Of its two new couples — Erica Pereira and Joseph Gordon on Tuesday; Tiler Peck and Anthony Huxley on Saturday night — all were debuts except for Ms. Peck. While the tiny Ms. Pereira showed moments of breadth, she couldn’t sustain them; as the ballet progressed her skimming steps were more clipped than seamless.
But Mr. Gordon’s dancing was an unselfconscious delight, and in his solo, he was like a bird released from a cage. Mr. Huxley and Ms. Peck, more like brother and sister than lovers, were measured and clean; despite their understated sense of poetry, they never gelled as a couple in such a subtle, fragile ballet.
“Agon” had its problems, too. Its central pas de deux, created for Arthur Mitchell and Diana Adams, was intended for a black man and a white woman. In 1957 that was a statement, and, at least in the ballet world, it still is. Skin color is as much a part of “Agon” as its Stravinsky score. (And that could be expanded on: What would the pas de deux look like if a black woman danced it with a white man?) This time around, there were no dancers of color in either cast; Maria Kowroski performed opposite Adrian Danchig-Waring in one, and Teresa Reichlen with Mr. Finlay, in his debut, in the other.
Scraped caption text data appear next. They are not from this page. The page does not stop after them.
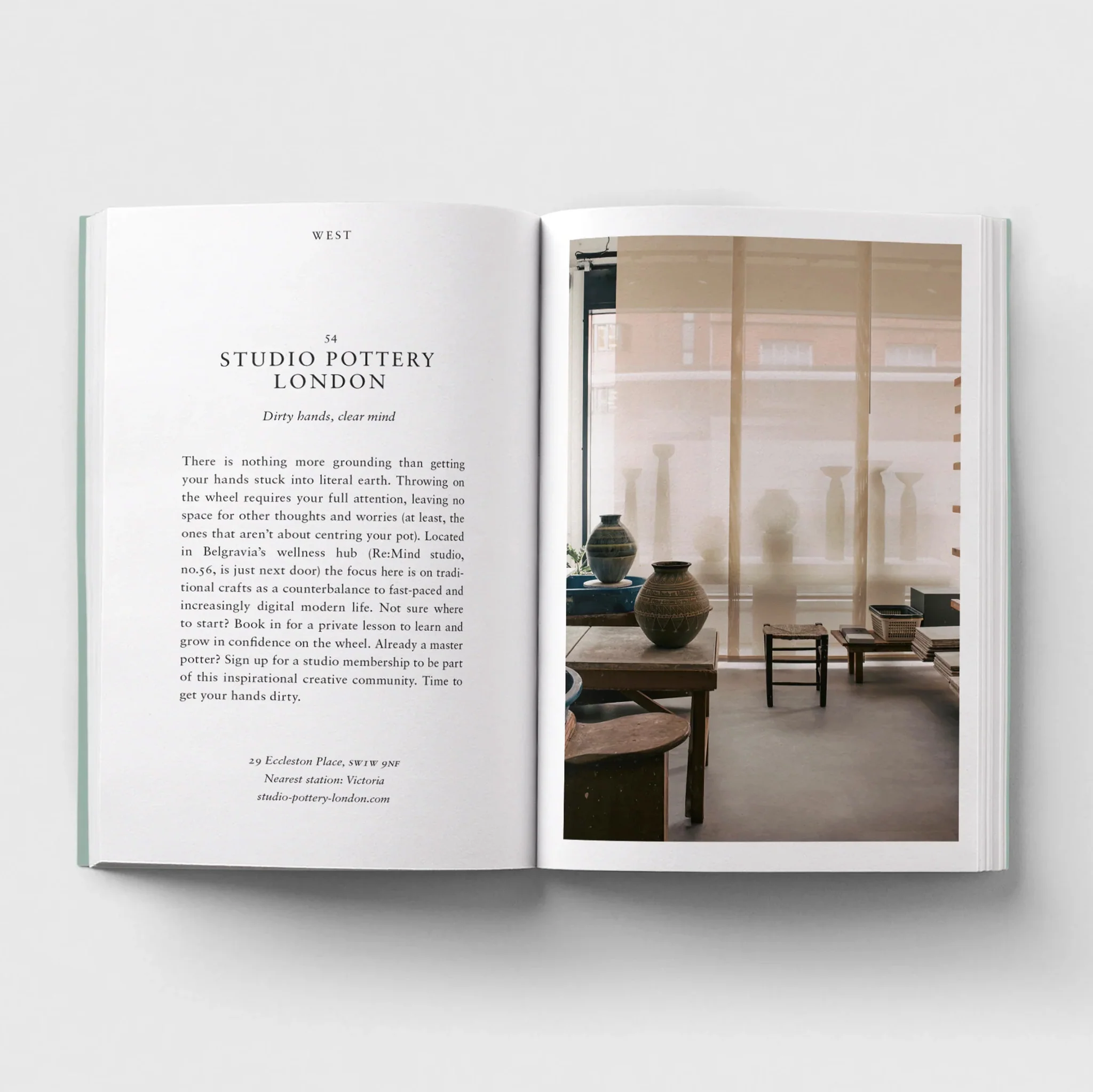 An Opinionated Guide to Calm London by Hoxton Mini Press - Image 2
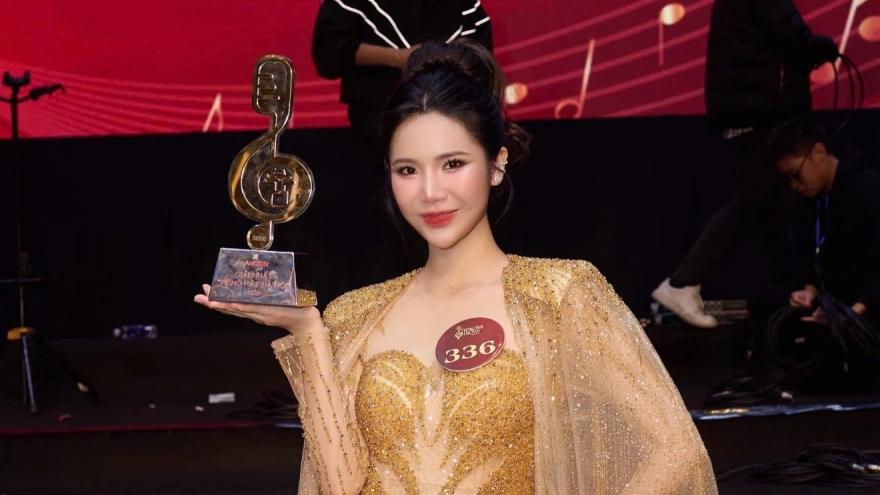 Quán quân Tiếng hát Hà Nội 2025 dành nửa tiền thưởng hỗ trợ đồng bào lũ lụt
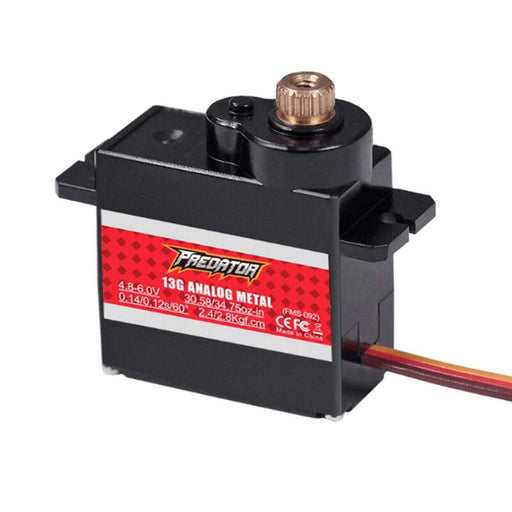 FMMPAA026 13g analog metal gear servo pos: Super Scorpion 90mm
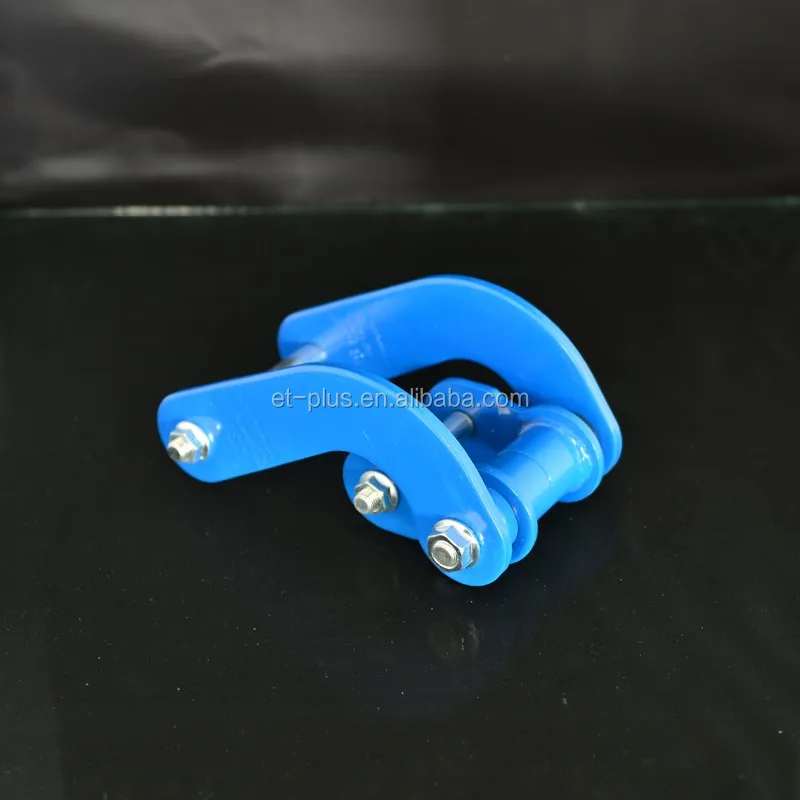 2 Inch Offroad Adjustable Suspension Rear Lift Shackles For Mitsubishi Comfort Shackle Lift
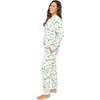 Women's Trunks Up Jersey Long PJ Set - Pajamas - 6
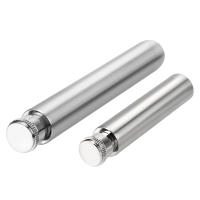 HILIFE Flasque De Hombro 1/1.5oz Botella De Whisky Acero Inoxidable Redondo Tubular Olla De Vino Botellas Portátiles De Alcohol Accesorios De Vino - details 18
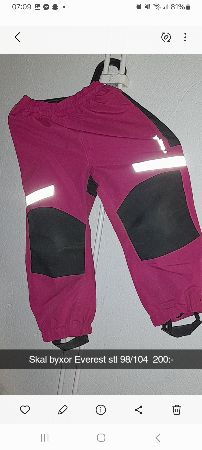 Skalbyxor Everest stl 98/104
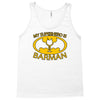 my superhero is barman Tank Top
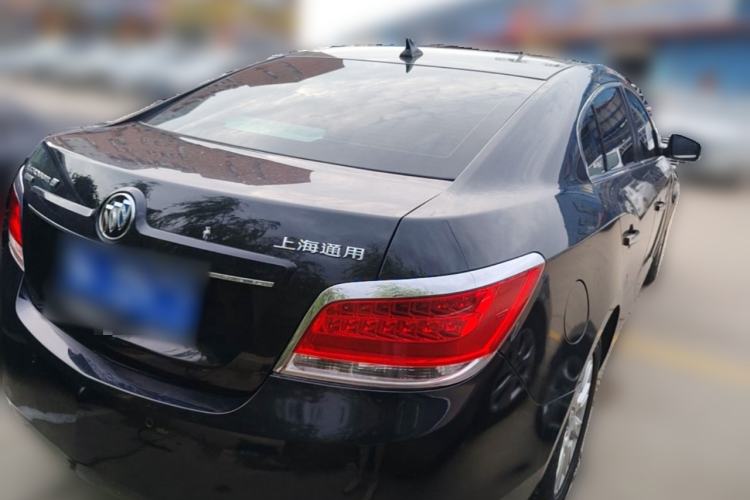 Used Buick LaCrosse 2010 2.0T Comfort Edition Rear Right 45 Deg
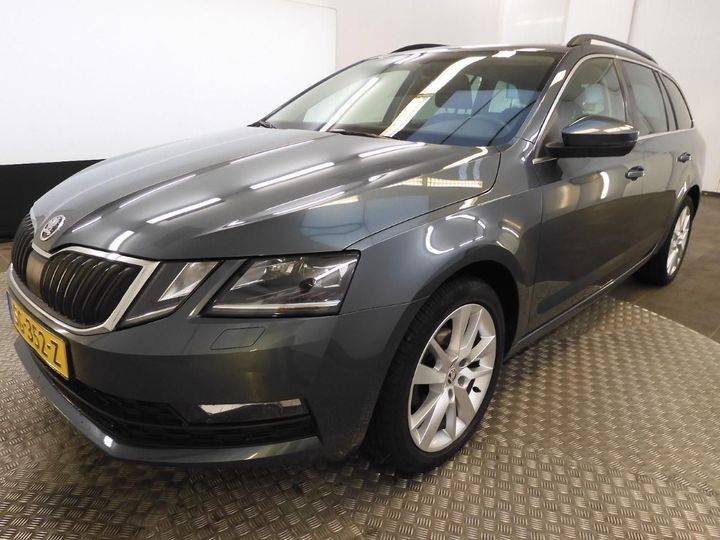 Photo 1 VIN: TMBJG9NE5J0254619 - SKODA OCTAVIA 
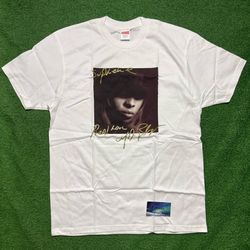 Supreme Mary J Blige Shirt Large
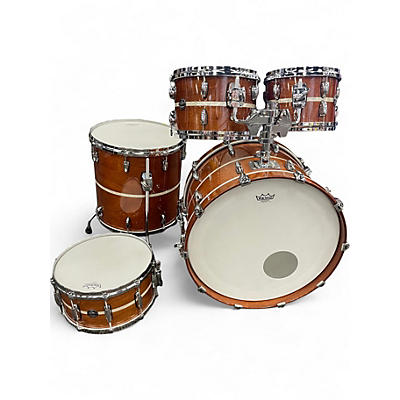 Used Gretsch Drums 5 Piece RENOWN LIMITED MAHOGANY Natural Drum Kit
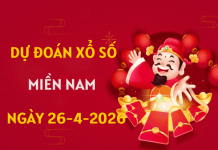 Dự đoán XSMN 26/4/2026 - Soi cầu Miền Nam chủ nhật thần tài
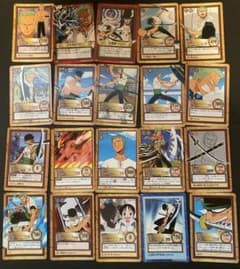 【初期】ゾロ　ワンピース カードダス ハイパーバトルのサムネイル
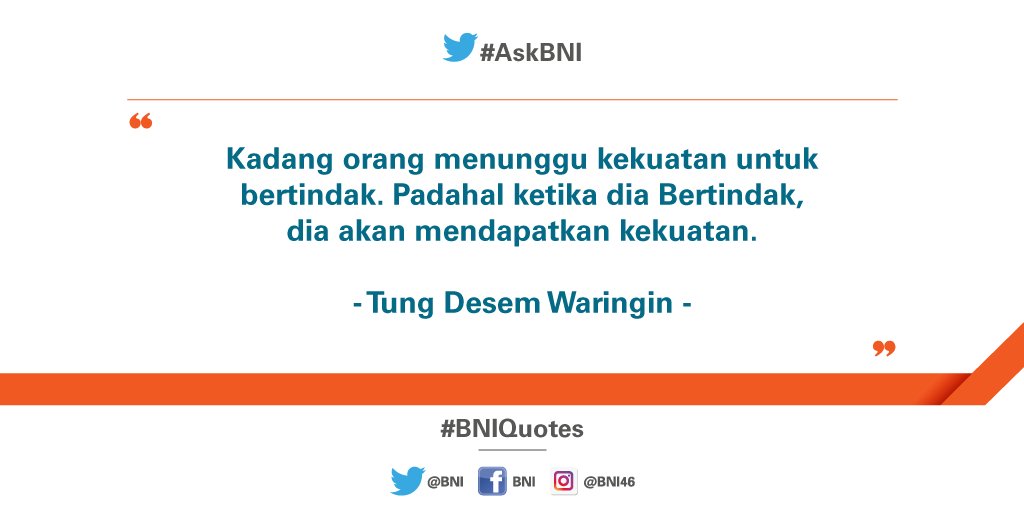 Kalau kemauan &amp; semangat kita tinggi, segala yg kita lakukan dengan semangat dan ikhlas akan menghasilkan sesuatu yang berharga. 
#BNIQuotes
But that wasn’t the only reason the pas de deux was a shell of its actual self on Saturday night. Mr. Finlay moved stiffly and shakily from position to position with no sense of fortitude. Where was the tension between him and Ms. Reichlen? All that was left was the precariousness of their partnering, which was heart-stopping for all the wrong reasons.
The winter season left behind good memories too: Indiana Woodward’s heavenly debut as Juliet; Ms. Peck’s ravishing “Fall” in Jerome Robbins’s “The Four Seasons”; Peter Walker’s gangly-great dancing in “Agon”; the steady, rising star that is Ms. Phelan.
That list is far from complete. But what stuck out the most was the newfound brilliance of Adrian Danchig-Waring. There’s a patience in the way he holds his body that seems to stretch time. He’s so clear, so refined yet not quite of this world. Something has broken free in him, and it feels like a whiff of the spring to come.